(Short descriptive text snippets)
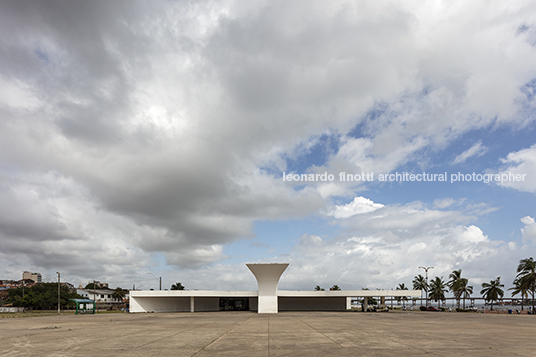 maria aragão square oscar niemeyer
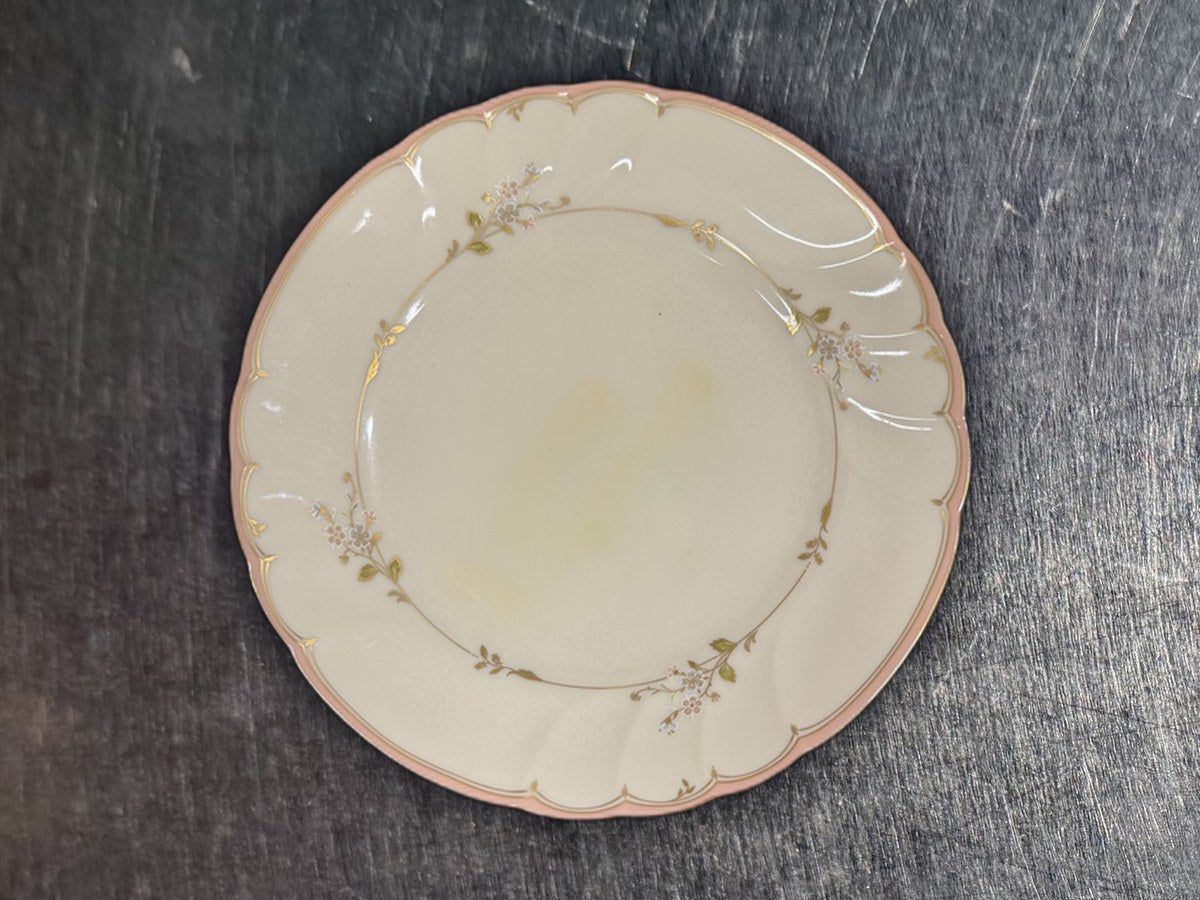 Mikasa Fine Ivory Round Saucer: 23 ppm lead by XRF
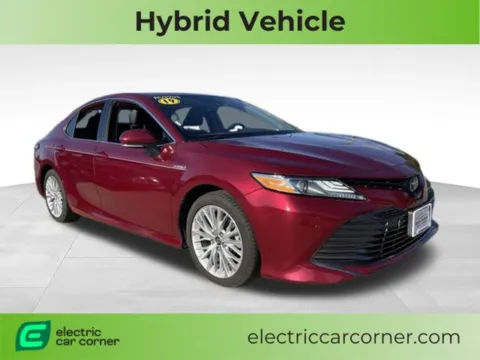 Unknown 2019 Toyota Camry Hybrid XLE for sale in Farmington, NY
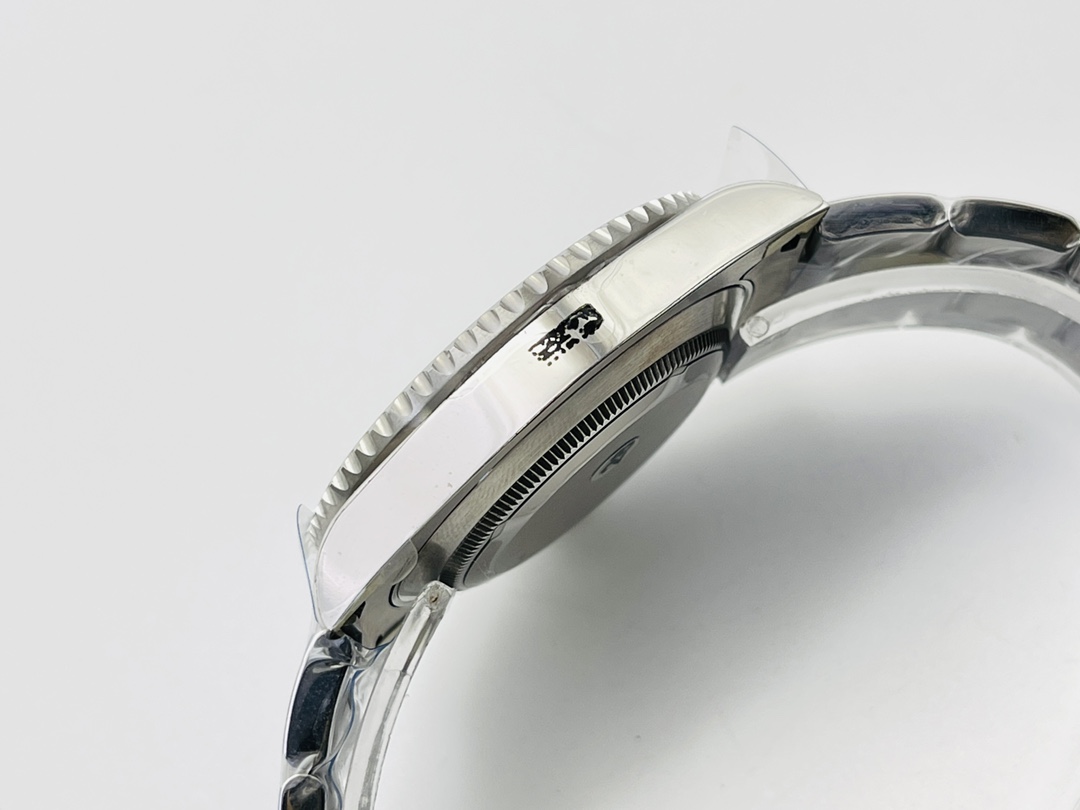 Rolex Submariner 40MM Shock Release!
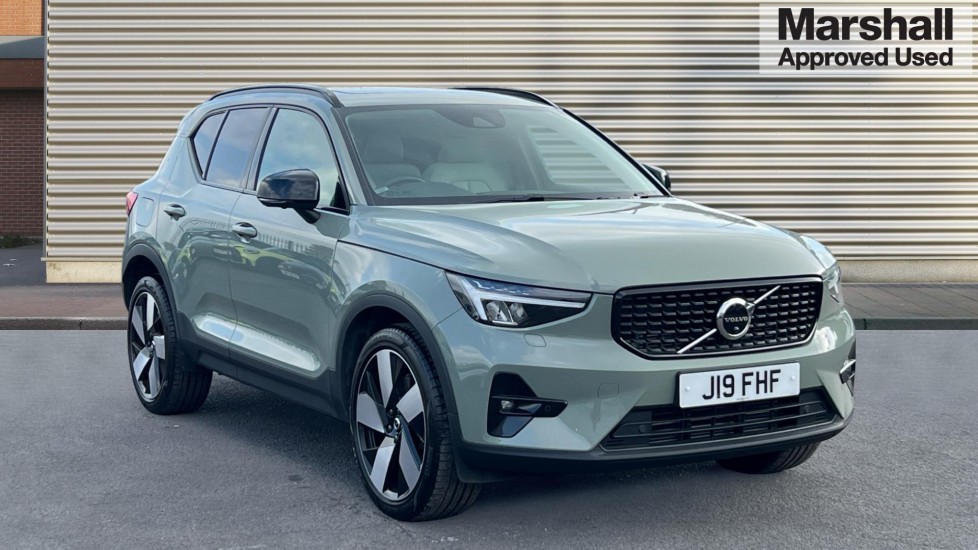 Main listing image - Volvo XC40 Recharge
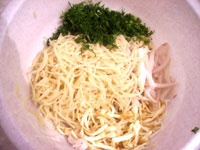 Паста-салат с кальмарами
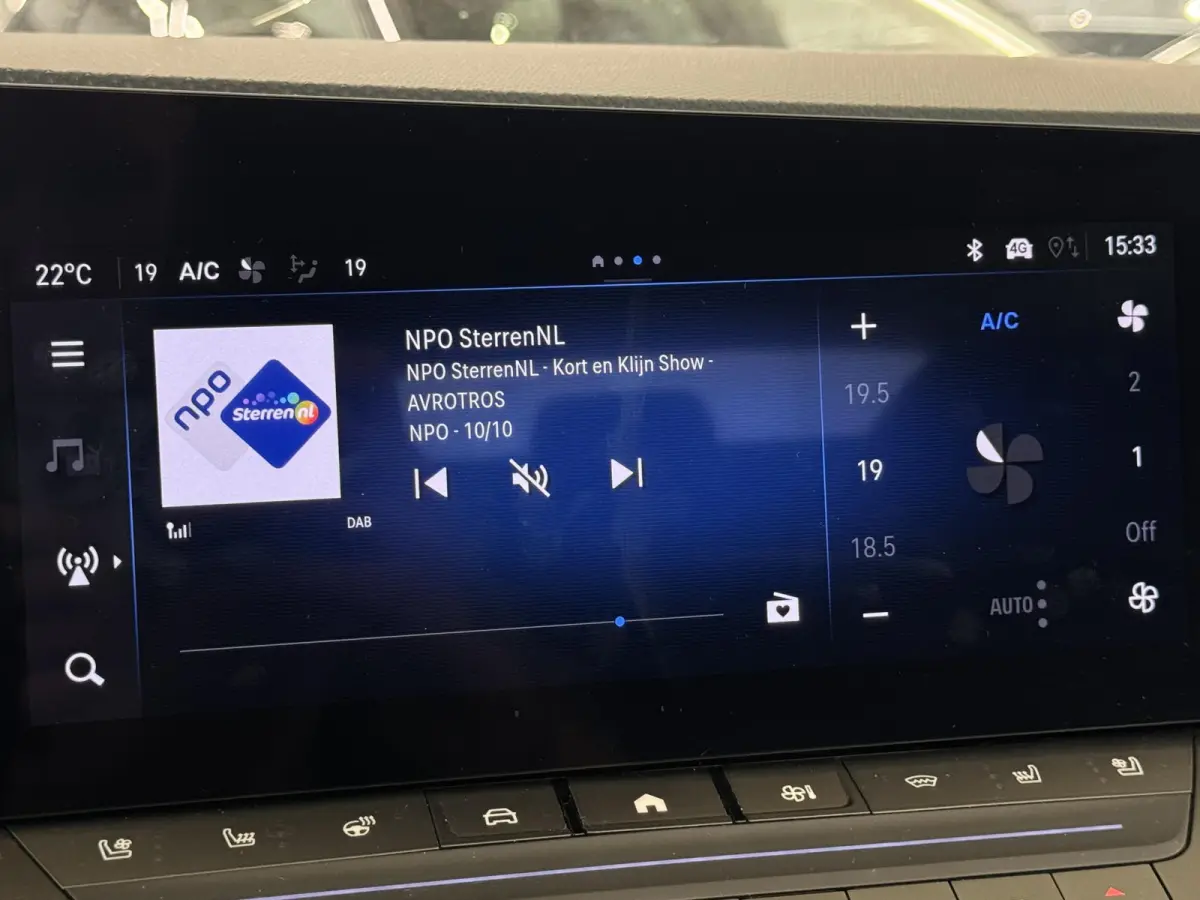 1.2 Turbo Ultimate | Panodak|  Navigatie | Airco-Ecc | Camera |Carplay | Stoelen-pakket |  | Dodehoek detectie | LM velgen | ( Vestiging - Vianen )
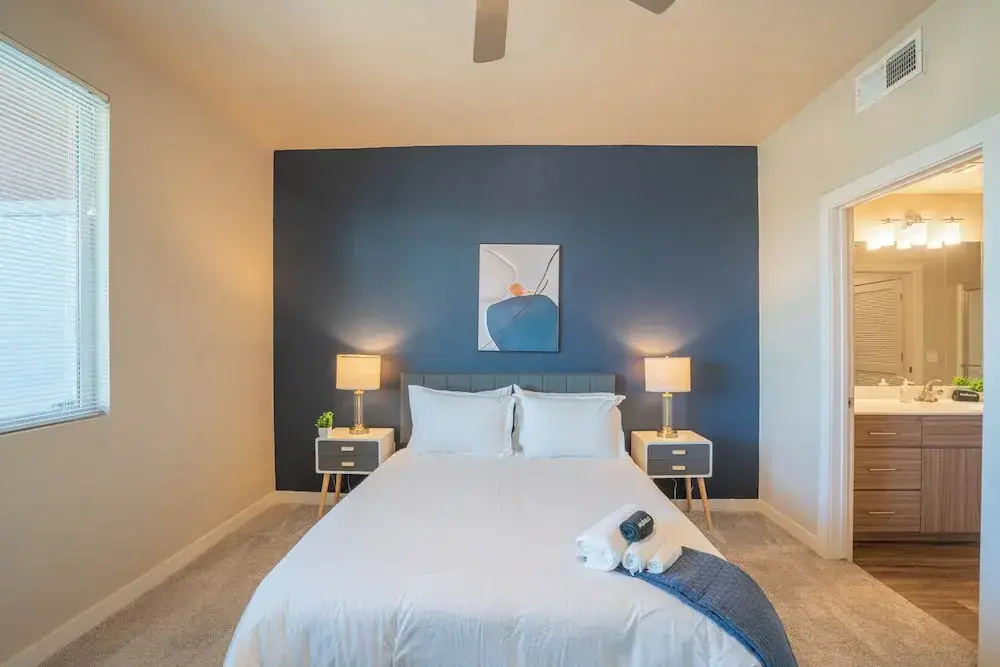 Double Apartment (full double bed)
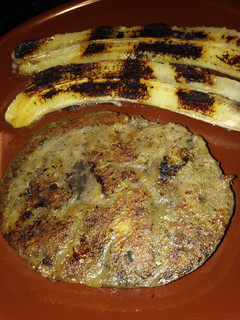 Una foto de Burguer vegetal con plátano. Plato vegano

*Task goal*: The reply should hold the lines from the top of the records through the line containing "Паста-салат с кальмарами", reproduced exactly, and no pictures.

*Your solution*:
 maria aragão square oscar niemeyer
 Mikasa Fine Ivory Round Saucer: 23 ppm lead by XRF
 Unknown 2019 Toyota Camry Hybrid XLE for sale in Farmington, NY
 Rolex Submariner 40MM Shock Release!
 Main listing image - Volvo XC40 Recharge
 Паста-салат с кальмарами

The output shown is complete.